Several people in the last couple of decades have referred to this photo of Kirkton Park as being taken in 1957. However, I wish to correct this. Whilst the flower beds certainly existed in the 1950’s, the picture was actually taken in the 1970’s, and I suspect in the early 1970’s. I have a good copy of this photo and zooming in, you can clearly see the roof of the houses beyond Broompark Road in the distance which weren’t built until 1969, i.e it could not possibly be the 1950s.
I had to seek a second opinion as the photo has been published in a book by others, and so I recently asked Blantyre Heritage Chairman, Gordon Cook, who told me, “I think you’re right about the date, those are the houses that were built around 1969.

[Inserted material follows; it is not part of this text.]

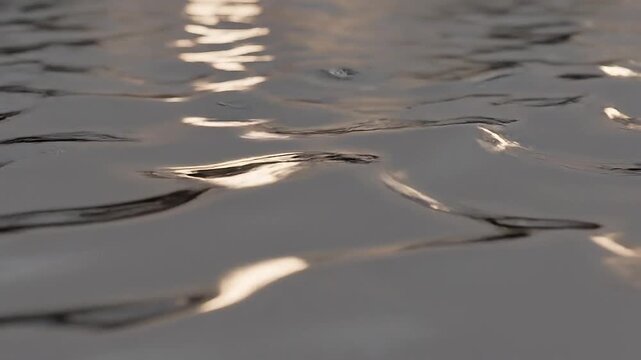Close-up perspective of a dark water surface with dynamic ripples and bright golden light reflections creating an abstract and energetic background texture Keywords: water, surface, ripples, waves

The council workers got their hut in 1939 (a sort of tool shed with room for them to eat their lunch in or shelter in really bad weather.) It was green and had a window that was boarded up at night. The bandstand was gone soon after the war, although I have spoken with those who remember it. The park in the early sixties was supervised by a “Parkie” who had a whistle. He kept us all in order and would shout to tell us to get off our bikes, or move us off a section of the park with our ball because we were too close to the flower beds. There was a toilet and there was a drinking well just in front of it. The park also had a paddling pool but no amenity for changing. During the sixties, the Calder down at Millheugh and both public parks were very busy on sunny days, and when it came to football, the biggest boys usually got the pitch. If we weren’t ‘up the bing’ or up in Auchintibber, we were ‘up the park.’ I remember work starting on Greenhall Place while we played football on the park side of the hedge, and when we played for High Blantyre school football team the steep brae resounded to the noise of 44 studded football boots (the old hard leather studs). Great place to be in the 1960s.”